Temperature-induced structural evolution of Sm nanoparticles on Al2O3 thin film: An in-situ investigation using SRPES, XPS and STM

Abstract

The structural evolution of Sm nanoclusters on ultrathin film of Al2O3 epitaxially grown on Ni3Al(111) substrate at elevated temperatures was investigated in-situ using synchrotron radiation photoemission spectroscopy (SRPES), X-ray photoelectron spectroscopy (XPS) and scanning tunneling microscopy (STM). The vapor-deposited metallic Sm onto the Al2O3 thin film at 300K is partially oxidized, leading to the appearance of both Sm2+ and Sm3+ states at low coverages, due to the charge transfer from Sm to oxide film. The complete oxidation of the Sm, i.e., all Sm2+ converted to Sm3+, occurs when the sample is annealed to 500K. Further annealing results in the diffusion of Sm into the Al2O3 lattice. At ∼900K, the formation of a SmAlO3 complex is observed.

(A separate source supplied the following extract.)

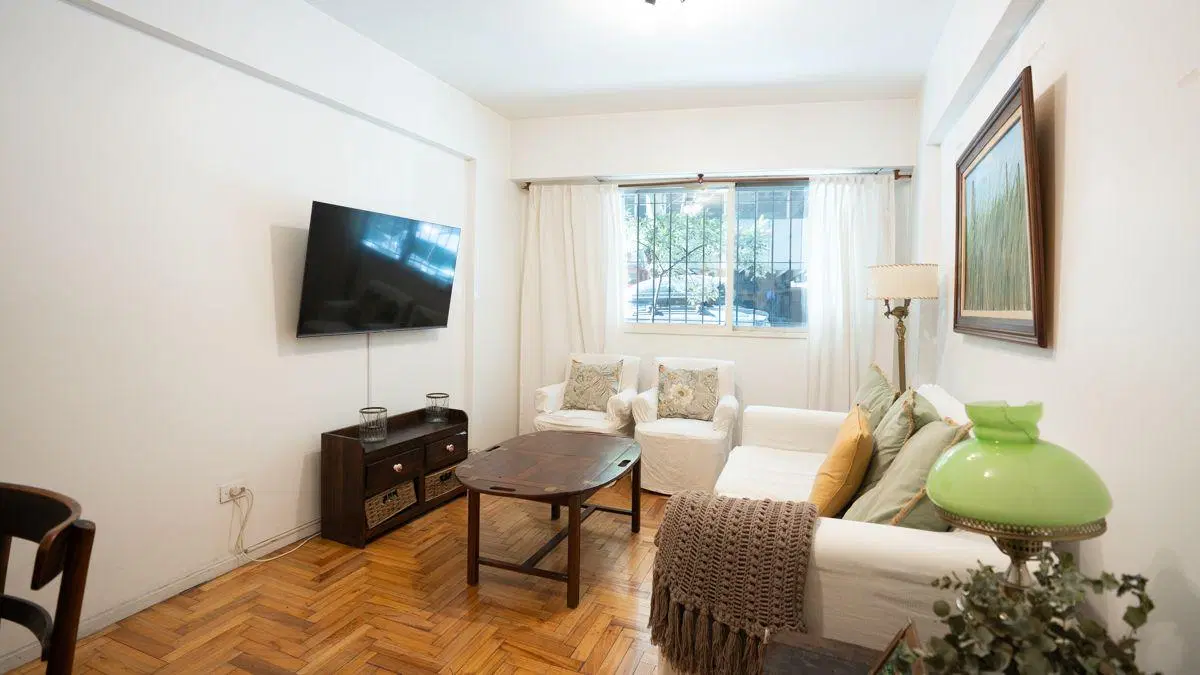 Departamento en planta baja en Larrea y Peña, a metro de Plaza Barrientos, Barrio Norte 2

However, this complex starts to decompose and desorb from the surface at temperature higher than 1200K. Interestingly, it is found that Sm can promote the oxidation of Ni3Al substrate and thicken the alumina film when Sm is deposited at room temperature onto the Al2O3/Ni3Al(111) substrate followed by annealing in oxygen environment at ∼800K.